Big Data

Random notes on stream-first architecture, Flink and friends

Use-cases and Technical requirements

The main use-cases for stream processing systems are applications that need to process a large amount of data coming at high throughput (say high velocity) with very low latency. Low latency is important, because in some use-cases where computations don’t need to be real-time, e.g. computing monthly cost on AWS, preparing quarterly business reports, re-indexing websites for a search engine, etc… then a traditional batch processing systems like MapReduce or Spark would be a better fit. Time-critical applications like processing events in online games or financial applications, monitoring and predicting device failures, processing critical performance metrics, etc.., however, requires real-time or near real-time insights. In those cases, a stream processing system would be more suitable.

That being said, when we say stream processing systems, we mean tools that allow users to perform computations on-the-fly. Related technologies for simple message queues (without computations), especially in the context of the microservice madness, can sometimes overlap with stream processing technologies, but they should be considered separately in various facets and contexts.

The pioneer in stream processing systems was Apache Storm. Storm can provide low latency, but word on the streets is that it is hard to get high throughput. Moreover, Storm doesn’t guarantees exactly-once semantic (more on this later).

A clever compromise to get exactly-once semantic at a relatively low latency was to cut the data stream into small batches (streaming as a special case of batch). Since computations are done on batches, it can be redone when failure happens. With small batches, this can approximate streaming pretty well and is suitable for applications that aren’t too picky on latency. However, cutting the stream into batches have inherit problems dealing with the semantic of times, and can lead to incorrect results when events do not arrive in order (which happens quite often in distributed systems). Nonetheless, this is the approach taken by Spark Streaming. Storm Trident is an improvement over Storm, also seems to take this micro-batch approach.

Message transport systems

In order to feed data into stream processing engines, we need a message transport system, which does what it should: transport messages. Although it might sound simple, doing this at scale is quite challenging. An ideal message transport system for a stream applications must:

  • provide persistence, i.e. the ability to rewind and replay the stream (i.e. time travel). It was once thought that a message transport system can’t have both performance and persistence. Lately, it turns out that this tradeoff is not fundamental, and systems like Apache Kafka can provide high throughput delivery with persistence. This is one of the important revolutions for the streaming community.
  • decouple producers and consumers. A good transport system doesn’t send messages point-to-point, because doing so in a scalable and fault-tolerant way is difficult. One of the solution that Kafka employs is to allow users to create topics, to which producers can send messages to, and consumers can subscribe from.

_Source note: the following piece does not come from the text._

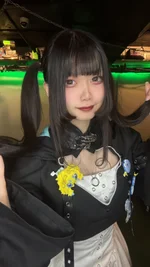 せいら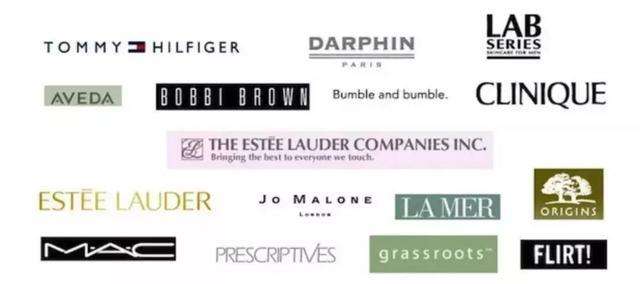 娇兰品牌属于什么档次适合干皮吗,cpb护肤品牌中属于什么档次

Having a good message transport system is critical for the stream processing engine down the road.

The notion of Time

In streaming applications, there are 2 notions of time: event time, which is the time that the message was generated in real-world, often stored as a timestamp along with the message, and processing time, which is the time that the message is observed by the machine processing it, normally measured by the system clock of that machine.

Now messing up with times is dangerous. To perform computations, stream processing engines divide the streams into (sliding) windows, based on the time of each message. It is therefore important to specify which time they are using, otherwise it can lead to incorrect results, as demonstrated in an interesting experiment here.

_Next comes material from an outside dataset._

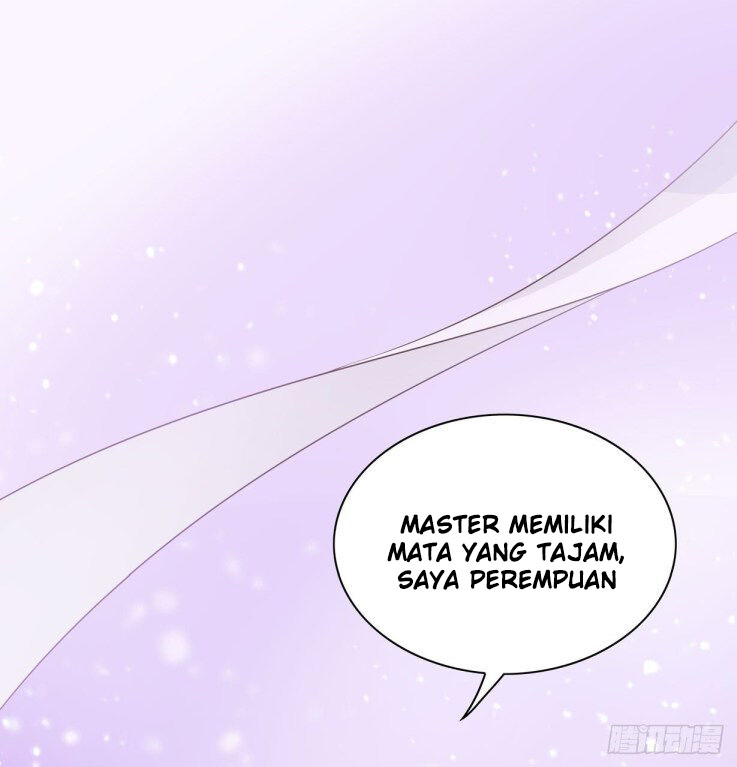 Pupillary Master Chapter 34.1 Gambar 8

Micro-batching system, like Spark Streaming, only accepts time windows, and it is therefore tricky to get things right.

The bible in handling times in streaming applications is this VLDB paper from Google Dataflow (now Apache Beam), which was one of the inspirations of Flink. The following section was written based on this paper.

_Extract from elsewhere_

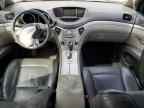2006 SUBARU B9 Tribeca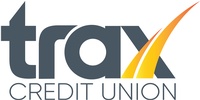 Trax Credit Union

Windows, Triggers, and Watermarks

There are different kinds of windows supported by modern stream processing engines:

  • Time windows
  • Count windows
  • Session windows (or timeout windows): based on the gaps between messages, suitable for streams of user interactions on a website, for instance.

All kinds of windows are special cases of triggers – which define when the content of a window is aggregated and returned to the output stream. Good stream processing engines should allow users to specify custom trigger logic.

Another aspect of time is time travel – the ability to rewind the clock and repeat the computation at some certain time in the past. This is important in real-world applications where users need to replace their applications with a new version, or do A/B testing between different implementations of an algorithm, etc… Obviously if we only use processing times, time travel would be impossible, because the new version of the application would just simply process the latest messages coming right now. Therefore, serious stream processing applications must support event times (and coupled with a message transport that provides persistence).

Event times are tricky to work with though. Since events can arrive to the system out-of-order, when it sees the event happened at time 10:01 and then at 10:10, how does it knows that there won’t be another event happened at 10:05 coming to the system? In other words, there needs to be a clock defined by the data, so that event time windows can be correctly defined.

Stream processing engines deal with this problem by the concept of Watermarks, which are embedded messages in the stream, bearing a time marker t, notifying that there won’t be any other event happened before t coming to the stream. With watermarks, event time progresses independently from processing time. If a watermark is late (in processing time), the results will still be computed correctly, albeit it will be late in the result stream.

Stream processing engines would allow developers to define watermarks, because that requires some understanding of the domain, e.g. they know that their messages can’t be late more than 5 seconds, then the watermark will be the current time minus 5 seconds. This can get as elaborated/fancy as having a Machine Learning model to predict how late the messages come to the stream.

Stateful computation and exactly-once semantic

Most interesting stream-based applications are stateful. If the engine doesn’t support stateful, application developers would need to take care of that (by recruiting a database, for instance). More useful engines, however, can take care of the states and recomputing it in case of failures. Doing this properly will make sure the engine provides exactly-once semantics (the output stream will be correctly computed even in case of failures), but normally it is difficult to do, both at the semantic and implementation levels.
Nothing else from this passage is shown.